‘¡Queremos buscarle con vosotras!' (Cant 6, 1)

Dolores Aleixandre rscj

¿Cómo buscar nosotros al Resucitado con Magdalena, María, Salomé, las otras…? ¿Cómo hacer de su historia “nuestra historia”?

Vamos a tratar de aprender sabiduría de estas mujeres a las que, con lenguaje del AT, podemos llamar hayil, “mujeres de recursos”, lo mismo que Rut (3,11) y que la mujer ensalzada en el libro de los Proverbios (Pr 31,10) y reconocer en ellas su capacidad de afrontar los acontecimientos con sabiduría y audacia.

La realidad que se describe en los relatos como precediendo a la Pascua tiene el nombre dramático de muerte, fracaso, decepción de todas las expectativas. Todos los discípulos, tanto hombres como mujeres, pensaron a lo largo de todo aquel sábado que sólo les quedaba un cadáver en un sepulcro.

Las palabras desalentadas de los de Emáus “Nosotros esperábamos… pero…” reflejan una situación de pérdida de esperanza que quizá es también la nuestra en un tiempo en el que hablamos de ausencia de Dios, de exceso de dolor, de tumbas vacías de esperanza. También nosotros podemos sentirnos como si siguiéramos aún en el anochecer del viernes, volviendo con ánimo abatido de enterrar en el sepulcro proyectos, ilusiones y promesas.

También nosotros podemos reaccionar: “llorando y hacer duelo” (Mc 16,10), “cerrando las puertas por miedo…” (Jn 20,19), La piedra es demasiado grande para nuestras fuerzas, el orden internacional demasiado injusto, la violencia demasiado arraigada, la presencia creyente irrelevante, la Iglesia demasiado temerosa…

Por eso la tentación puede ser “prolongar el sábado”, refugiarnos en una espiritualidad evadida, permanecer en una parálisis inerte. O tomar caminos de vuelta a Emaús que alejan de los sepulcros y de los crucificados y tratan de escapar no sólo de su dolor sino también de su memoria.

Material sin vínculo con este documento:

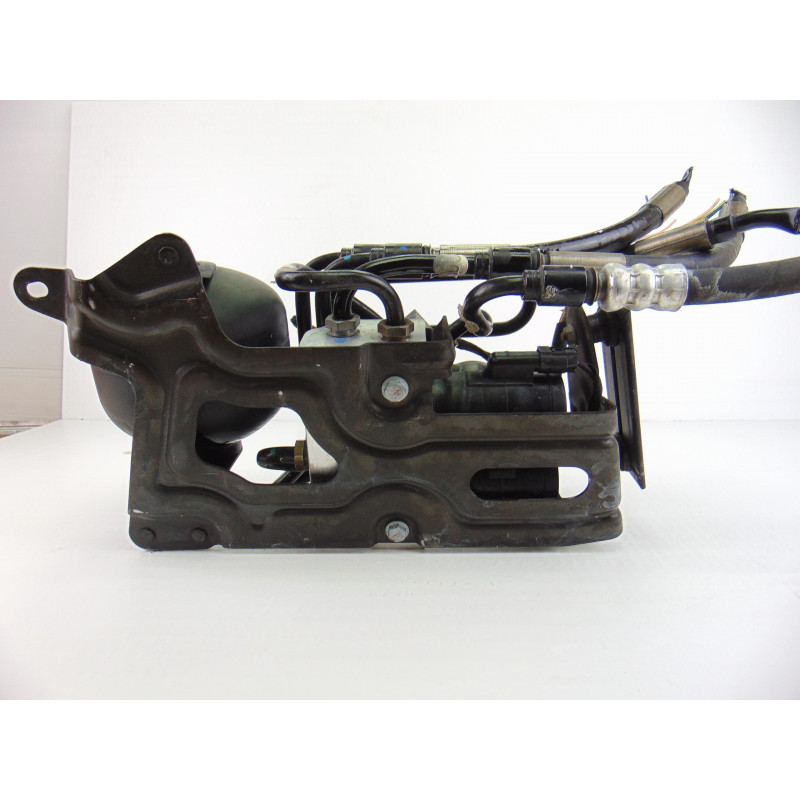 A2203200358Q15 NO IDENTIFICADO MERCEDES-BENZ SL (BM 230) ROADSTER 500 (230.475) 2003 A2203200358Q15 195942 MERCEDES-BENZ - 2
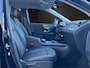 Mercedes-Benz B-klasse 250e Business ** APPLE/ANDROID - NAVI - HALF-LEDER - SPOORASS - CRUISE ** 1e EIG - UNFALLFREI ** ** INFORMEER OOK NAAR ONZE AANTREKKELIJKE FINANCIAL-LEASE TARIEVEN **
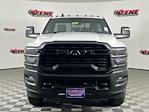 New 2026 Ram 2500 Tradesman Regular Cab 4WD Pickup for sale #27323 - photo 4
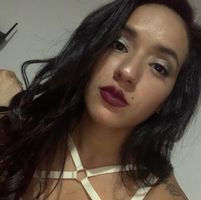 Karla Cuellar's profile image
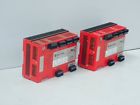 1753-ib16 Allen Bradley Guardplc Digital Input Modules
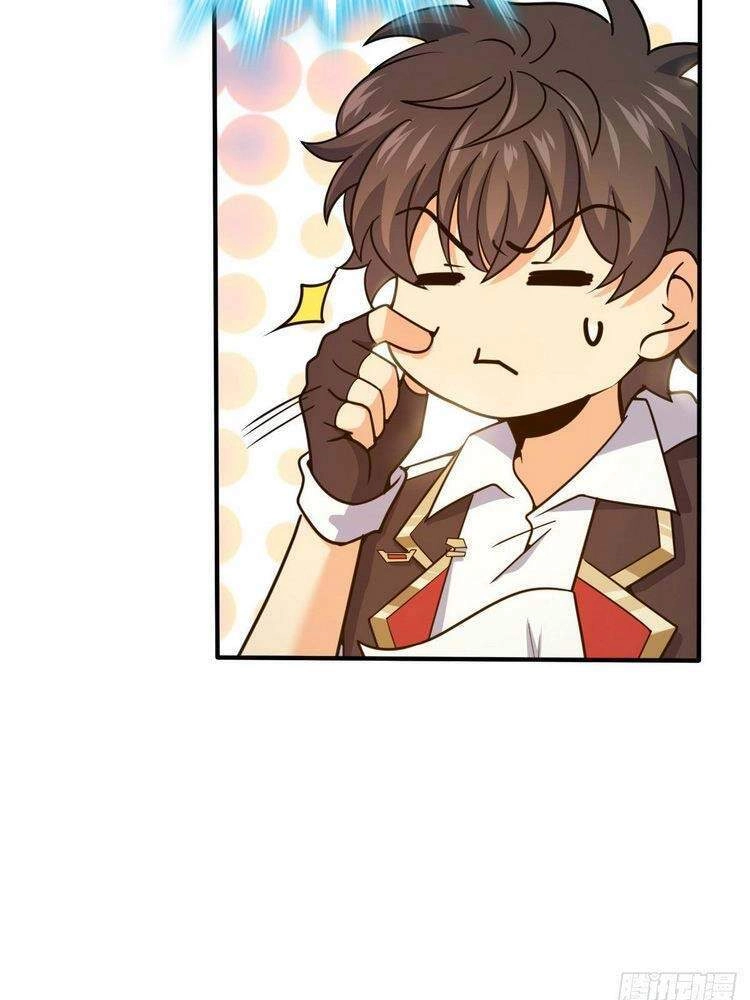 Đại Vương Tha Mạng Chapter 317 - 4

Pero hay en la mañana del “primer día de la semana” un camino alternativo: el de quienes, entonces y ahora, echan a andar “todavía a oscuras” y se acercan a los lugares de muerte para intentar arrebatarle a la muerte algo de su victoria. Como intentaban borrar algo de su rastro aquellas mujeres a fuerza de perfumes.

Saben que no pueden mover la piedra pero eso no les detiene. Son conscientes de la fragilidad y la desproporción de lo que llevan entre las manos, pero esa lucidez no apaga el incendio de su compasión ni hace su amor menos obstinado.

Quizá no viven todo eso desde la plenitud de la fe, ni le ponen el nombre de esperanza a sus pasos vacilantes en la noche. Pero hacen ese camino abiertos al asombro, apoyados en el recuerdo de palabras que prometen vida, dispuestos a dejarse sorprender por una presencia oscuramente presentida.

Los evangelios de Pascua “están de su parte”. Se lo dicen, nos lo dicen a todos, esas mujeres que irrumpen de nuevo en nuestros cenáculos anunciando: “¡Hemos visto al Señor!”.

De ellas recibimos la buena noticia: el Viviente sale siempre al encuentro de los que le buscan, los inunda con su alegría, los envía a consolar a su pueblo, los invita a una nueva relación de hermanos y de hijos.

El va siempre delante de nosotros, palabra de mujeres.